Ideata e diretta da Nicolò& Casagrande, sostenuta dalla drammaturgia di Ilenia Caleo, prodotta da Motus con altri organismi tra cui Ert, la performance mette in scena tre interpreti soprattutto monologanti: Silvia Calderoni, Alexia Sarantopoulou e lo stesso Casagrande. La prima sarà Victor, il creatore; la seconda Mary Shelley, la creatrice; il terzo, la creatura. Casagrande torna a recitare dopo vent’anni. "Abbiamo pensato – chiarisce – che questa formula lo richiedesse. Raccontiamo tre solitudini radicali che si intrecciano". ‘Frankestein’ è argomento che ben si confà a una compagnia che ha sempre operato sulle più aspre contraddizioni del presente: il prossimo anno Nicolò e Casagrande lavoreranno infatti a un’ulteriore tappa, ovvero a un film, il cui titolo – ‘Frankenstein (a history of hate)’ – indica appunto il desiderio di indagare su un sentimento dilagante come l’odio.
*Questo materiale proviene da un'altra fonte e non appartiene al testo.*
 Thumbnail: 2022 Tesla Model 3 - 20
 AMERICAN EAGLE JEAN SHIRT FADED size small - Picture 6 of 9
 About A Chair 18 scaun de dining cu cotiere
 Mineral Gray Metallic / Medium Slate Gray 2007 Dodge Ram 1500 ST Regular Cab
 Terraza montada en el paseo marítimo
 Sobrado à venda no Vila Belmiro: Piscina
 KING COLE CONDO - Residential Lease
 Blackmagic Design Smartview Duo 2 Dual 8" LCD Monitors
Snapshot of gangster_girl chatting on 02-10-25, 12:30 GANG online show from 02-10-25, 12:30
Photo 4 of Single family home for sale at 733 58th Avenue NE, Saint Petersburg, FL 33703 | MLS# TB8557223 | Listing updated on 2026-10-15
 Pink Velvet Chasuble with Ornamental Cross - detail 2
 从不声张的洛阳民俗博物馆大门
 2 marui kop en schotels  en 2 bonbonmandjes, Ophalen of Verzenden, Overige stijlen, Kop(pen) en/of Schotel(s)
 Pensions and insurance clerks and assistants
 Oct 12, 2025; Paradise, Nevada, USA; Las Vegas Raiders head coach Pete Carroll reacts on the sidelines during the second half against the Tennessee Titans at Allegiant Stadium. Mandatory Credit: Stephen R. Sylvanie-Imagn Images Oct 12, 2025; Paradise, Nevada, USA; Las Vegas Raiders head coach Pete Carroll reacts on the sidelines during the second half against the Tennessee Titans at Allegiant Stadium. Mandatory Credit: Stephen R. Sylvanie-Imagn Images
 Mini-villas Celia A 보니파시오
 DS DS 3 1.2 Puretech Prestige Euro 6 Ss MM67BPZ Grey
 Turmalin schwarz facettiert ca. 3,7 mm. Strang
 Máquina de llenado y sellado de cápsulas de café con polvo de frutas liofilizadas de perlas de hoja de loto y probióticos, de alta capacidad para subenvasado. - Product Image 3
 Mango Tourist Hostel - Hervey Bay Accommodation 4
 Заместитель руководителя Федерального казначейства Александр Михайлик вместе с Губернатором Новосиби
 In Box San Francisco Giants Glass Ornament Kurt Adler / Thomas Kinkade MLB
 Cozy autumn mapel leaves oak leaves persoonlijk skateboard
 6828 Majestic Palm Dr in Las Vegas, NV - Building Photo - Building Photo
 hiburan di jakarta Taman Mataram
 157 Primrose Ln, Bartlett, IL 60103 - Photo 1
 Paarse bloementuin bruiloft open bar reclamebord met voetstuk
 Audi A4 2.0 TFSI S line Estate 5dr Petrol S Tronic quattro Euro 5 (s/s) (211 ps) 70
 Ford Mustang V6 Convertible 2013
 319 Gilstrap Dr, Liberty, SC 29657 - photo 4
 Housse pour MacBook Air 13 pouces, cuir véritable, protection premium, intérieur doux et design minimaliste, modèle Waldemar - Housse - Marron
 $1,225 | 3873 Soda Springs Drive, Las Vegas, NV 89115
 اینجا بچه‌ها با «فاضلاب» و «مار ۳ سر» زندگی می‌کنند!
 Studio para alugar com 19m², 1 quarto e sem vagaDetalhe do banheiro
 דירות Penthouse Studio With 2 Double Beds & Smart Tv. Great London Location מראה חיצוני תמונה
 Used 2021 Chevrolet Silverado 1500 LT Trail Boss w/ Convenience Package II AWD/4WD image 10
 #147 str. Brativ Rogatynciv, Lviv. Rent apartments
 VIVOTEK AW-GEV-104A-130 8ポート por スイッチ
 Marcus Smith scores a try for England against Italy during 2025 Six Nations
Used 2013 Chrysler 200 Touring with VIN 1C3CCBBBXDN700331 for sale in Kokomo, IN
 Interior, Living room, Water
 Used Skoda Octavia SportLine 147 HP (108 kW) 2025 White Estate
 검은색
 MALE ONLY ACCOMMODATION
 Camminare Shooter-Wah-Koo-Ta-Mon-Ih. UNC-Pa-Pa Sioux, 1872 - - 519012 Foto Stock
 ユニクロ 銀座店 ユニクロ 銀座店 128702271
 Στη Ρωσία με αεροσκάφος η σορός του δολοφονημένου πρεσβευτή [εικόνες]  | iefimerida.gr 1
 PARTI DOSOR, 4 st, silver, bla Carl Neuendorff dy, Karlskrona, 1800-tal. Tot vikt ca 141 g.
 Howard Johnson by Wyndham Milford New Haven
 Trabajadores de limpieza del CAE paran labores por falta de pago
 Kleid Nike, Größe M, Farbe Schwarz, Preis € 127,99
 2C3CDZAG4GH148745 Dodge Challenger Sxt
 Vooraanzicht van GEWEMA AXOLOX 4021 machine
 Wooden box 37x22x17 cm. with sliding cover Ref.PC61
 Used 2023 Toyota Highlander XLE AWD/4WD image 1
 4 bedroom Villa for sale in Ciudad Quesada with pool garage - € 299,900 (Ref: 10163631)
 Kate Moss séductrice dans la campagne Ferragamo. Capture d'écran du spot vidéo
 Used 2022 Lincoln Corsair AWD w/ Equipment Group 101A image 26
La compagnia ha realizzato l’allestimento cucendo vari episodi, scomponendo e ricomponendo i diversi frammenti letterari, creando visioni anche grazie all’apporto degli scritti di studiose contemporanee. E partendo dalla considerazione che mentre nei romanzi gotici è il luogo a provocare la paura, qui l’orrore esiste nel corpo. Una storia che disegna una nuova geografia del terrore, che si muove come scatole cinesi e che denuncia l’insensibilità degli umani per chi non è ‘conforme’ e finisce relegato nella sfera degli esclusi, dei maledetti e dei senza nome. La scelta di portare Mary Shelley in scena – spiega Nicolò – nasce proprio dal fatto che lo spettacolo è nato non solo dal romanzo (che lei definiva ‘orrenda progenie’) ma anche dalle suggestioni legate alla vita dell’autrice. "A lei – ricorda – era stata inizialmente offerta la possibilità di pubblicare il libro ma a nome del marito". E Silvia Calderoni sottolinea fra i tanti temi, il testo affronta quello della riproduzione libera. Dunque, pronti al via: il direttore Malosti si augura che all’inaugurazione di venerdì possano essere rimossi i cartelli di protesta dei dipendenti visto che al momento sono in corso trattative.